All that is really done after that is to $unwind the matched array of words from each document, then $group to obtain those matched words as a distinct list, along with the count of the occurrences.
That really is all there is to it from the main perspective of the database.
The following parts are actually "optional" since these are easy to reproduce in code, and probably look a lot clearer and cleaner by doing so. But just to demonstrate the newer operators that would require MongoDB 3.4.4 at least for the introduction of $arrayToObject.
Again the basics are that the next $group "rolls up" the matched words from the cursor into an array within a single document. There is also a very specific key naming applied of "k" and "v" for later reasons.
Then you use a $replaceRoot stage since the content of the document returned is evaluated from an expression. This expression uses $map to iterate over the "input array" of words and matches those to the entries created from the aggregation. This matching is done using $indexOfArray do return the matched index of the compared value.
You use this within $cond as you either want to transform that value into a matched elment using $arrayElemAt, or alternately recognize the index was not a match. This either returns the aggregated entry ( obtained from earlier matches ) or a "default" value of 0 for the given word.
The final part uses $arrayToObject which transforms an array of objects with properties "k" and "v" in to "key/value" pairs as an object.
So you can ask MongoDB to do it, but the data is actually reduced by the minimal pipeline as shown, so you may as well do it in client code. It's pretty simple, and for JavaScript you just do:
var words = db.wordstuff.aggregate([
{ "$project": {
"_id": 0,
"split": {
"$filter": {
"input": { "$split": [ "$data", " " ] },
"cond": { "$in": [ "$$this", ["bar","foo","baz","blat"] ] }
}
}
}},
{ "$unwind": "$split" },
{ "$group": { "_id": "$split", "count": { "$sum": 1 } }},
]).toArray();
var result = ["bar","foo","baz","blat"].map(
w => ( words.map(wd => wd._id).indexOf(w) !== -1)
? words[words.map(wd => wd._id).indexOf(w)]
: { _id: w, count: 0 }
).reduce((acc,curr) => Object.assign(acc,{ [curr._id]: curr.count }),{})
So if there is anything that's language specific at all, then that would be the part. So if you choose to run the aggregation at it's basics and process the resulting cursor, then the python code would be:
input = ["bar","foo","baz","blat"]
words = list(db.wordstuff.aggregate([
{ "$project": {
"_id": 0,
"split": {
"$filter": {
"input": { "$split": [ "$data", " " ] },
"cond": { "$in": [ "$$this", input ] }
}
}
}},
{ "$unwind": "$split" },
{ "$group": { "_id": "$split", "count": { "$sum": 1 } }},
]))
result = reduce(
lambda x,y:
dict(x.items() + { y['_id']: y['count'] }.items()),
map(lambda w: words[map(lambda wd: wd['_id'],words).index(w)]
if w in map(lambda wd: wd['_id'],words)
else { '_id': w, 'count': 0 },
input
),
{}
)
And either method pulls out the same result:
{
"bar" : 2.0,
"foo" : 3.0,
"baz" : 1.0,
"blat" : 0.0
}
MapReduce
The alternate case where you don't even have the minimum MongoDB 3.4.0 available is to use mapReduce for the process instead.
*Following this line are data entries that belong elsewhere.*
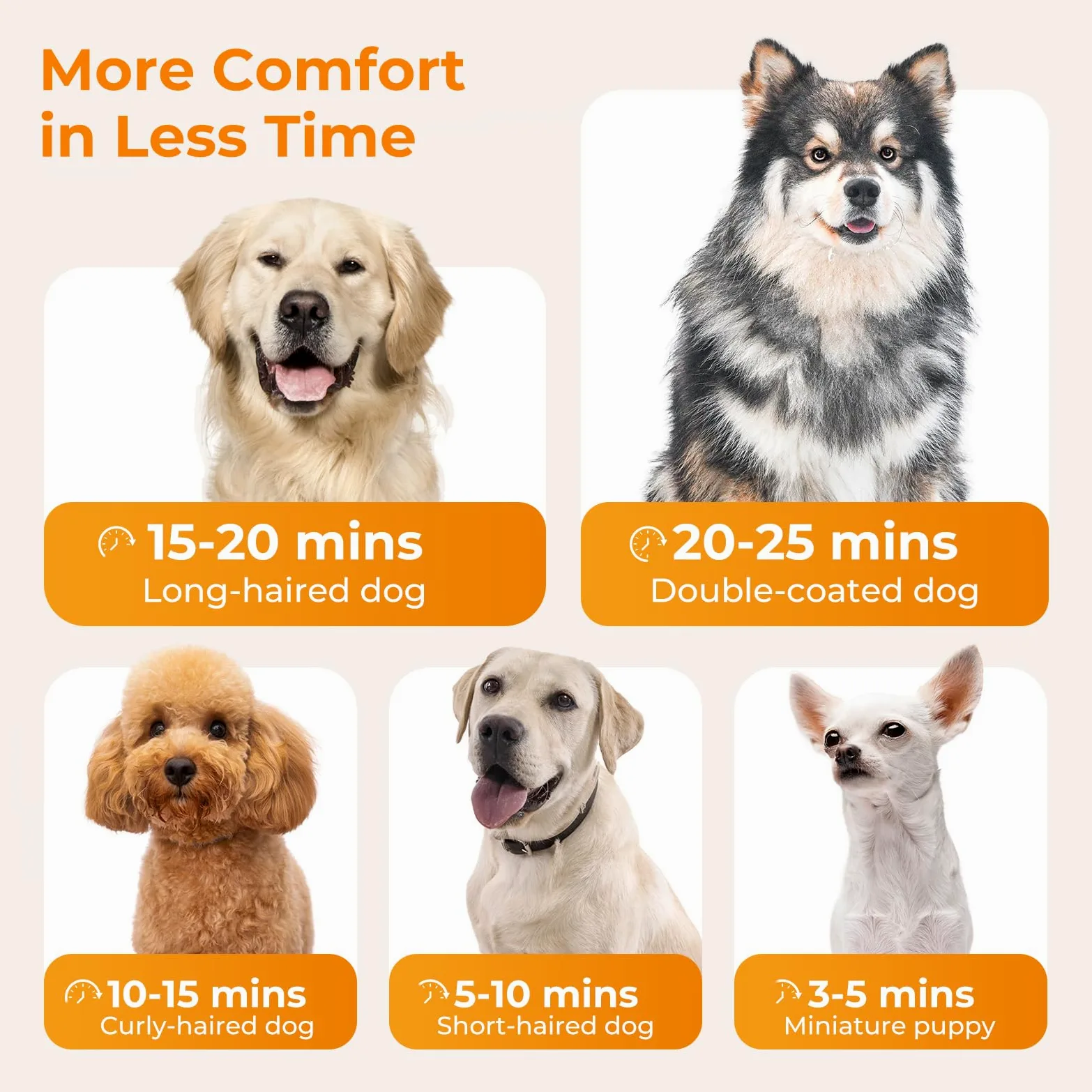 pecute Asciugatore per Cani Blower Molto Silenzioso, Soffiatore per Cani a Velocità Regolabile - con Modalità Caldo/Freddo, Phon Cane con 4 Diversi ugelli, Tubo Elastico e Spazzola la Cura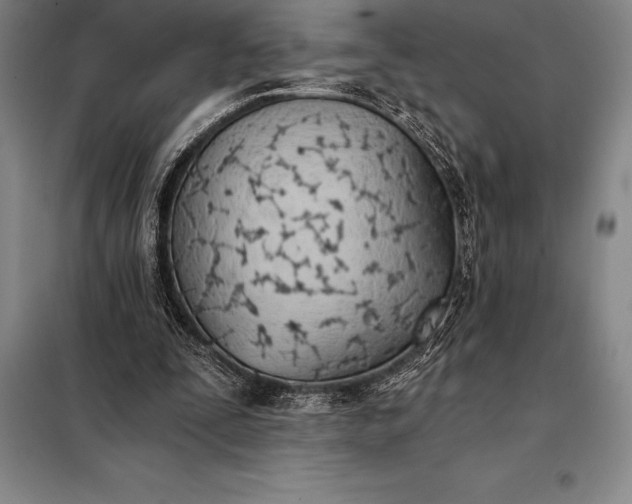 X0000098140295200805011350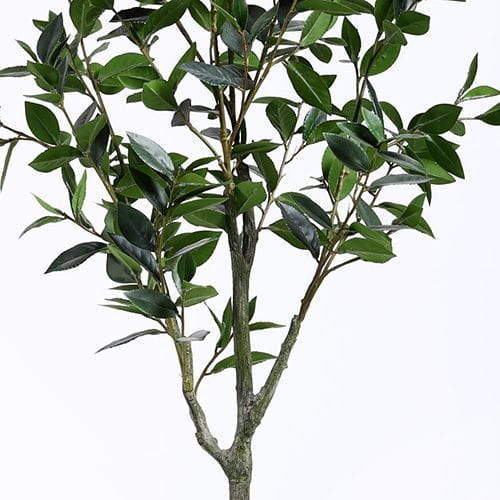 Artificial Sweet Bay Tree, 150CM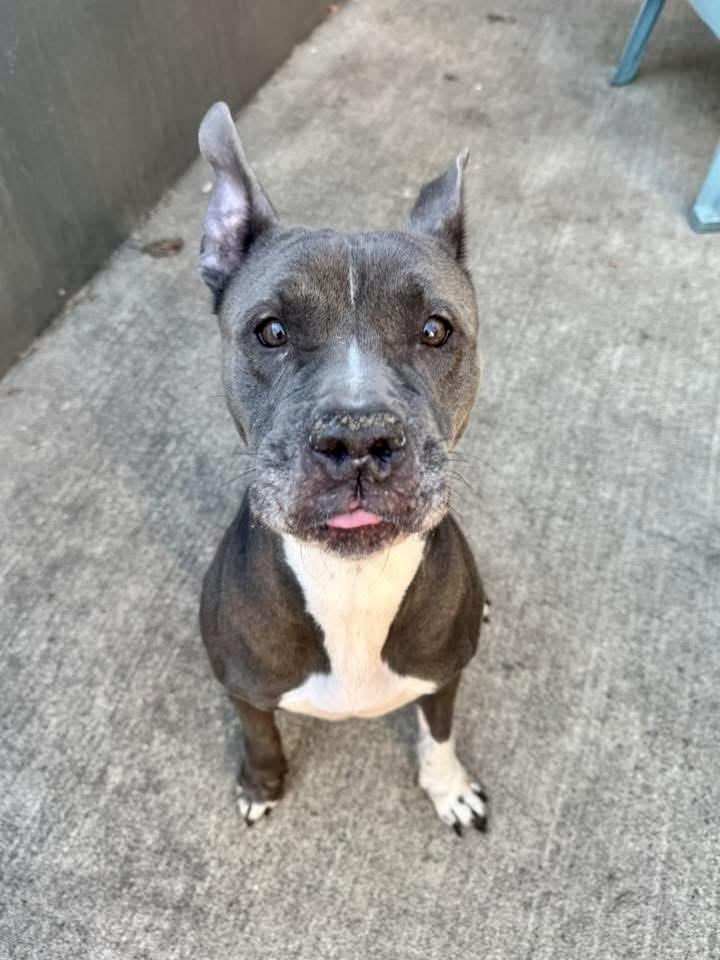 Enlarge Priya, a ADOPTABLE Pit Bull Terrier in Chicago, IL image 5/5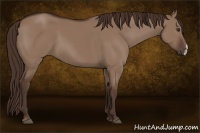 Horse Color:Liver Red Dun 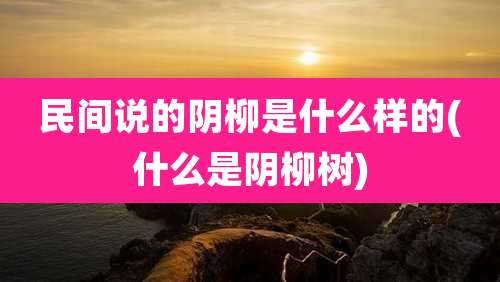 民间说的阴柳是什么样的(什么是阴柳树)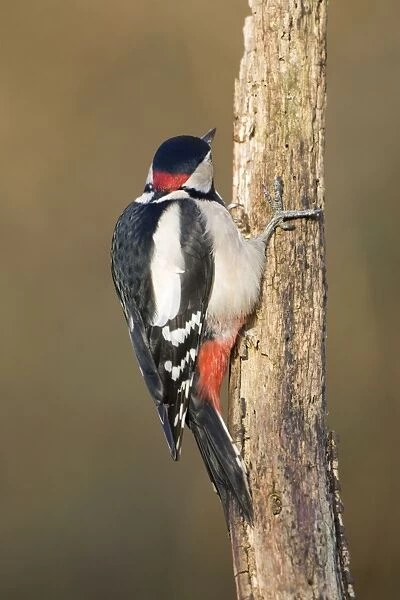 Great Spotted Woodpecker Showing red nape patch of adult male woodpecker. Cleveland, UK
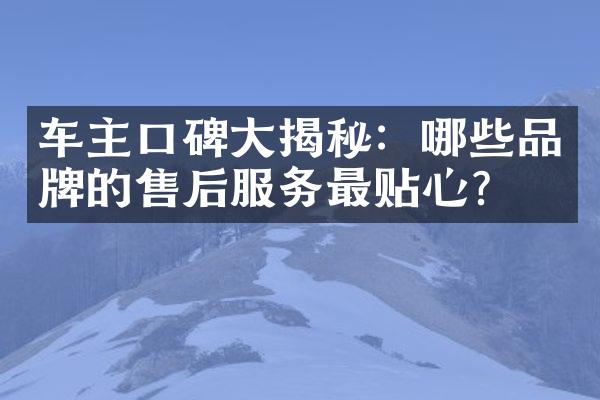 车主口碑大揭秘：哪些品牌的售后服务最贴心？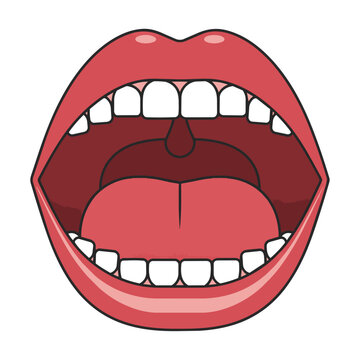 Human mouth with tongue, uvula, and teeth in a clean flat design, isolated on white. Dental anatomy concept
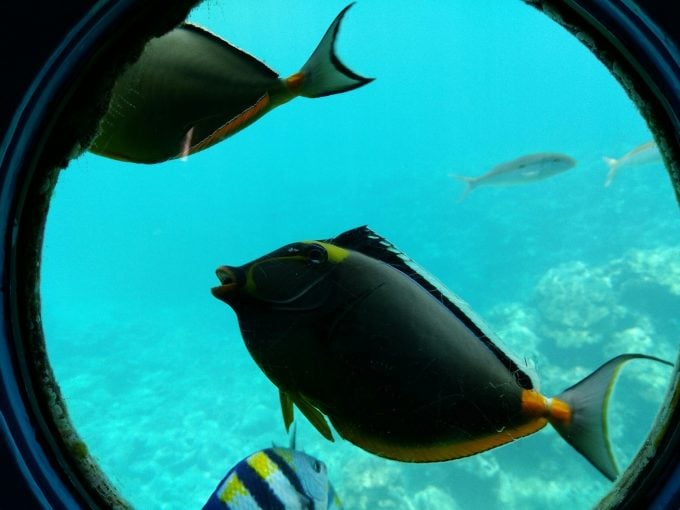ブセナ海中公園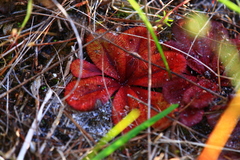Drosera rosulata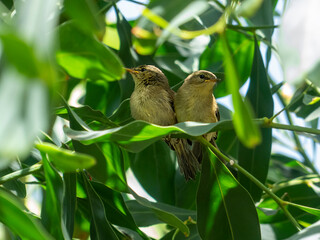 Dos Pichones de Canarios en primavera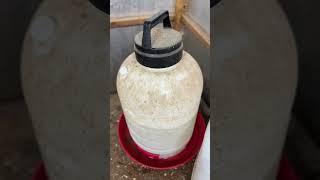 Farm Tuff Chicken Waterer Review & Demo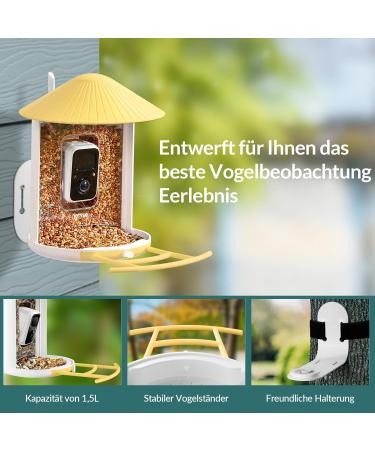 Birdfy Bird Feeder with Camera - AI Detection Video Recording & Solar Powered - Ideal for Wild Bird Feeding - Buy Online on SooperMarket.com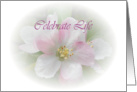 Celebrate Life card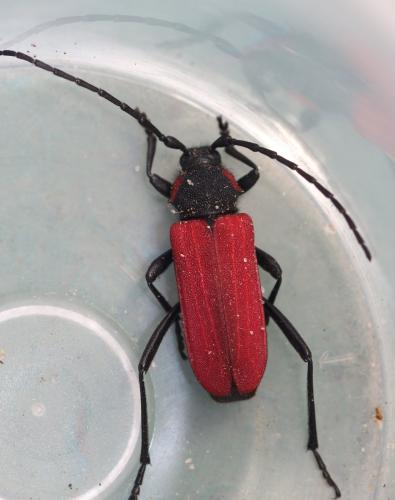 Réf. 304 271 : Purpuricenus kaehleri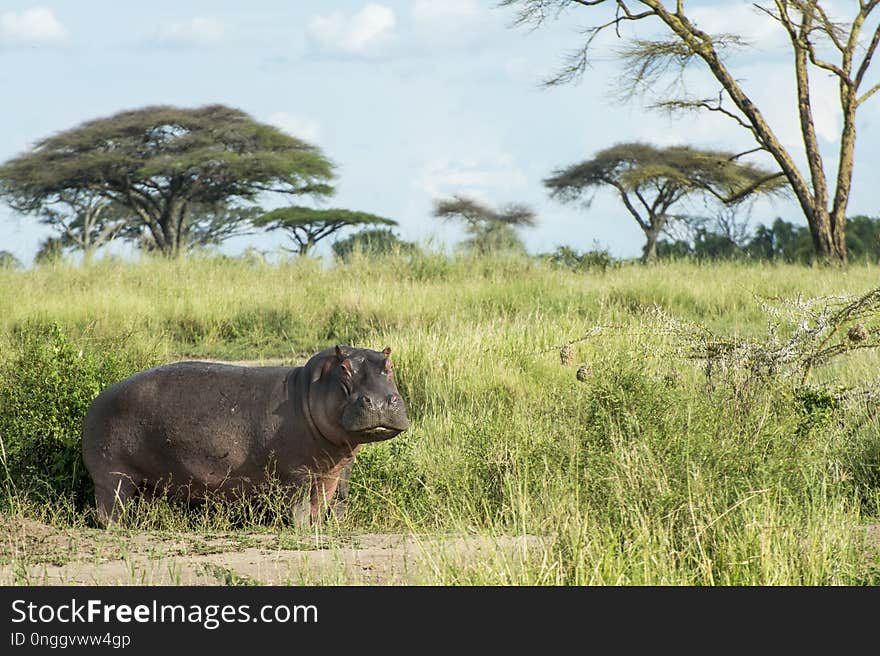 Wildlife, Grassland, Fauna, Terrestrial Animal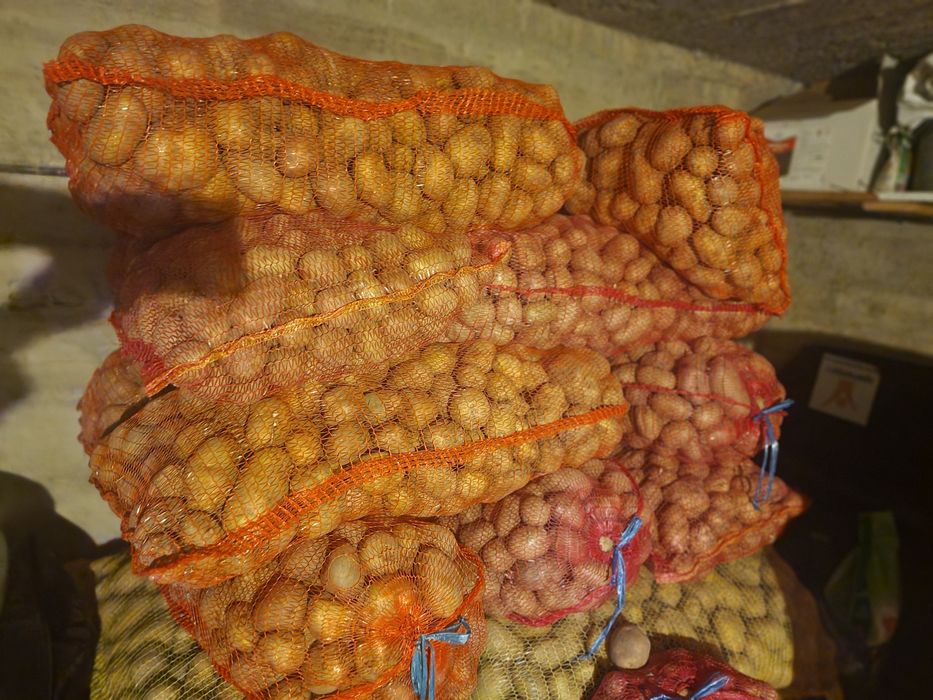 Catofi de vanzare , 2 ron kg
Again, this needs to be sent to the server as JavaScript, which is generally represented within "strings" in most language implementations ( other than JavaScript itself ):
db.wordstuff.mapReduce(
function() {
this.data.split(' ')
.filter( w => words.indexOf(w) !== -1 )
.forEach( w => emit(null,{ [w]: 1 }) );
},
function(key,values) {
return [].concat.apply([],
values.map(v => Object.keys(v).map(k => ({ k: k, v: v[k] })))
).reduce((acc,curr) => Object.assign(acc,{
[curr.k]: (acc.hasOwnProperty(curr.k))
? acc[curr.k] + curr.v : curr.v
}),{});
},
{
"out": { "inline": 1 },
"scope": { "words": ["bar","foo","baz","blat"] },
"finalize": function(key,value) {
return words.map( w => (value.hasOwnProperty(w))
? { [w]: value[w] } : { [w]: 0 }
).reduce((acc,curr) => Object.assign(acc,curr),{})
}
}
)
And that gives you the same results and really does exactly the same thing. Just a little slower because MongoDB needs to evaluate and process the JavaScript as compared to using it's own native coded methods with the aggregation framework.